What to produce —
Make an exact copy of the whole listing, but leave its pictures out.

Collected data —
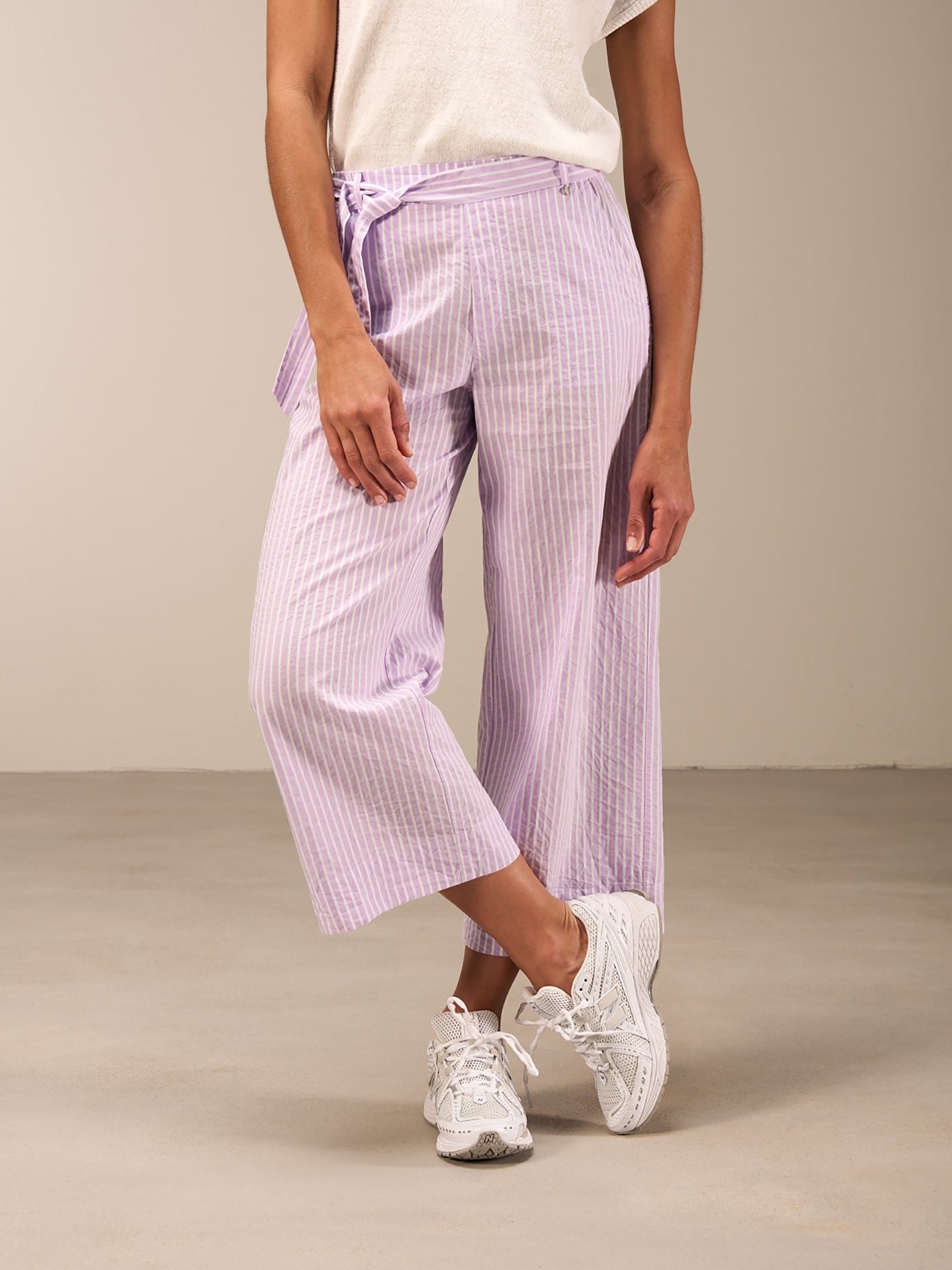 Pants with belt
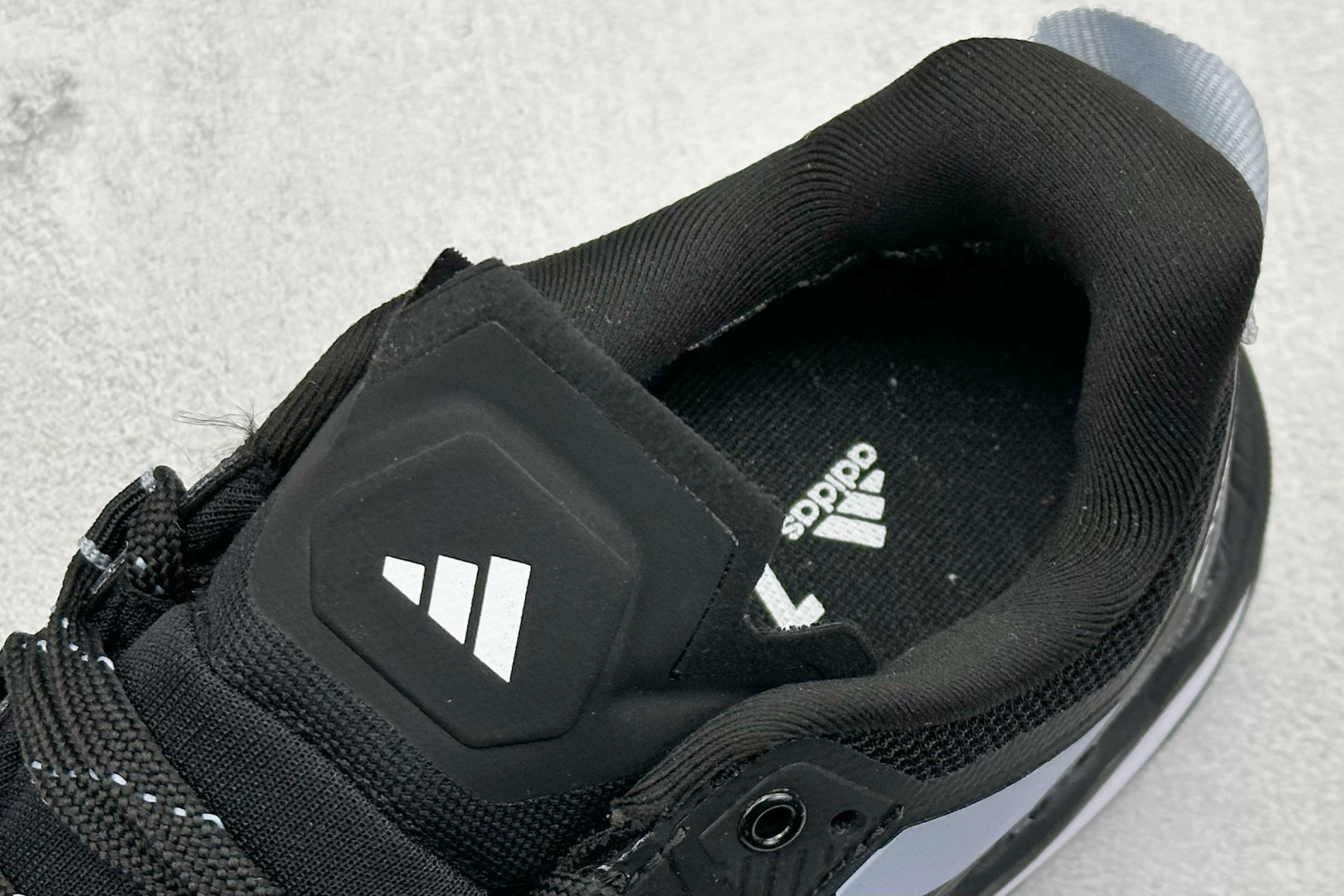  
Adidas TERREX SKYCHASER TECH GTX 
运动网面透气跑鞋 
原档案数据编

Written answer —
 Pants with belt
Adidas TERREX SKYCHASER TECH GTX 
运动网面透气跑鞋 
原档案数据编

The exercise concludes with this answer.